Did the optics not try and tell us they were coming, and then we heard the BIG STOMPING a hundred stories tall, and they stepped into the little box of a room like a tall glass slipper. Chanting to myself three times which way to do it before actually making contact, I sandwiched the freshly tinned red and black wires into the wobbly stack of washers at the transformer power supply, 18′ in the air, and the piece burst to life. O my god it’s here, I said to myself about the piece I have been sherpa-ing for weeks and months and years. O my god it’s here, let me look at it softly, lightly, empty, I rotated my eyes slowly, keeping balanced in a Zen denial of the tingly twitching in my hands and feet that comes no matter what I know intellectually about acrophobia or the lift.
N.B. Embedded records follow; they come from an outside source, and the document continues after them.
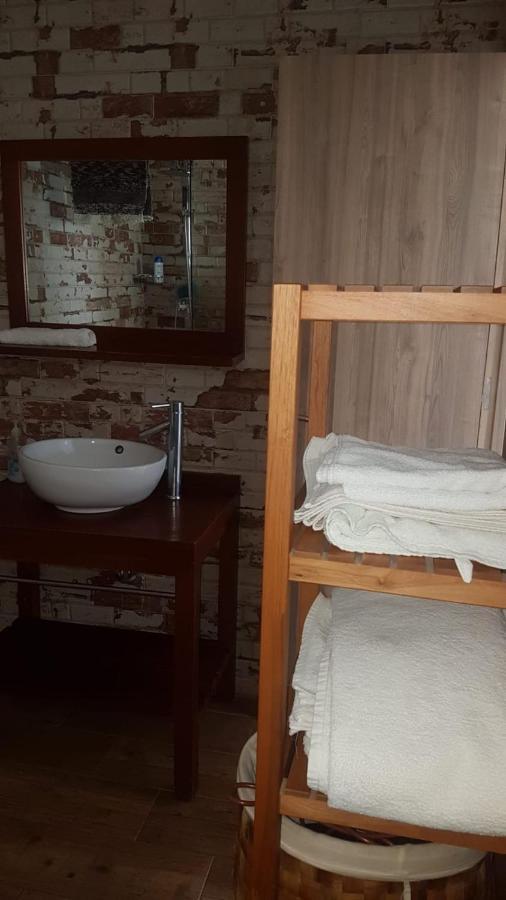 Apartamento El Molino Con Piscina Privada Las Negras Εξωτερικό φωτογραφία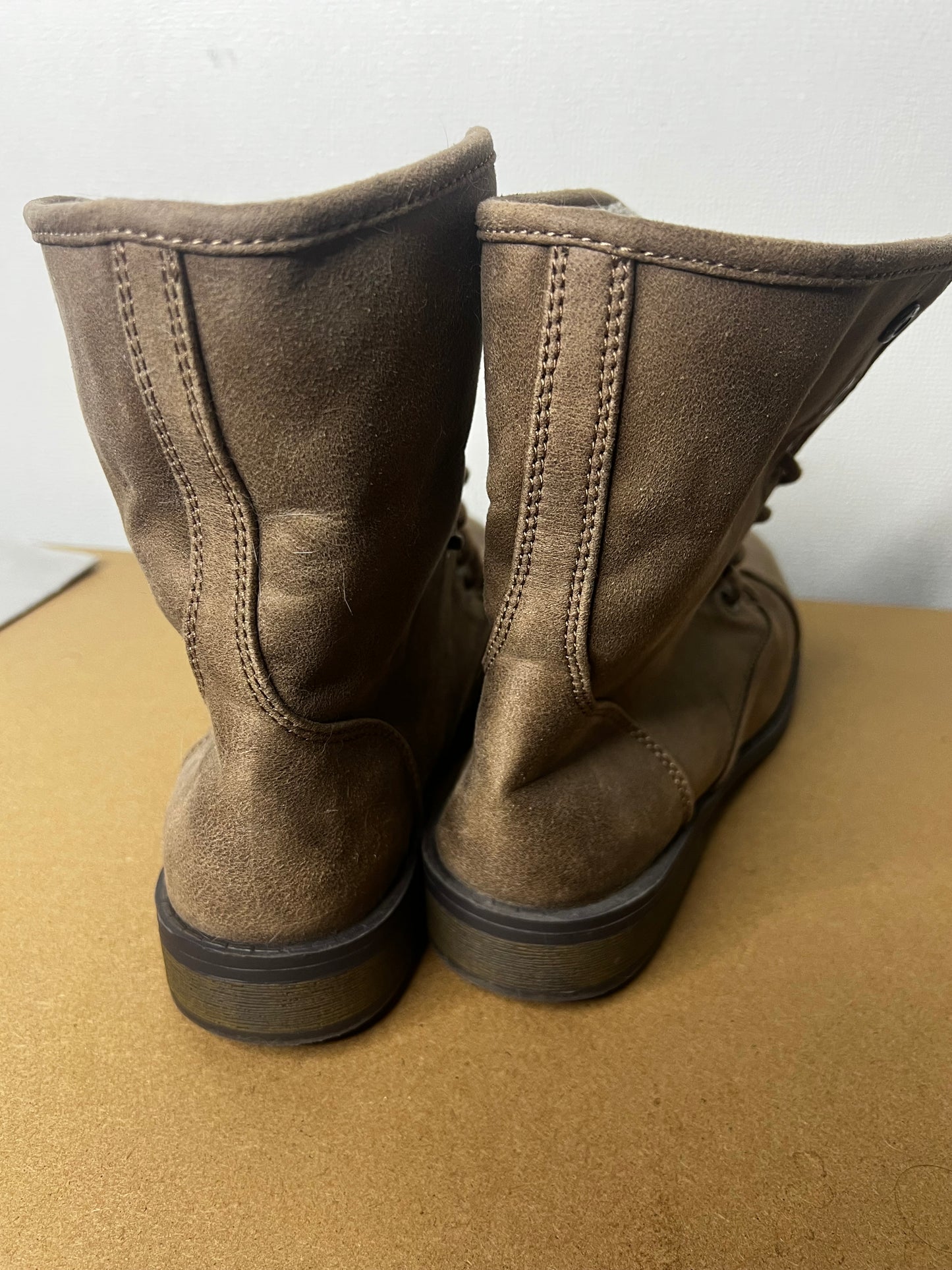 BOTIN SELF ESTEEM CAFE N37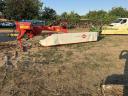 Kuhn GMD 902 Lift Control kasza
I could trick it up, draw in the dark shadows, and colorize them next to the brightest spots, which acts like an optical slingshot through the spectrum, making the brightest and lightest appear many gradations more intense by comparison all bumping and pinging through the rods and cones. Not so much through the circuits, though, the poor one glass camera eye, in place of the rods and cones, for an earlier read, an earlier view… what counts about the piece is not any story but the showing of the story fabric, that it’s all possible metaphor, it’s the thing that fits in this certain way in every dimension, every iteration, knowing that the mistake, the misread is the same shape in organic chemistry as in letter writing, there’s a slight misread that works like a gear and turns the entire milieu. It works like fate. The mistake that is the message anyway. The shift in symmetry.
Does it look like that’s what people are also thinking when they go through my installations? It doesn’t matter, what matters is that they like what they are thinking, and they get in there, into their own thoughts.
this work has been coming
The giant spiral on the 25’ optics wall made itself while I did only the smallest next right action, bewared of Sunday Hat Syndrome.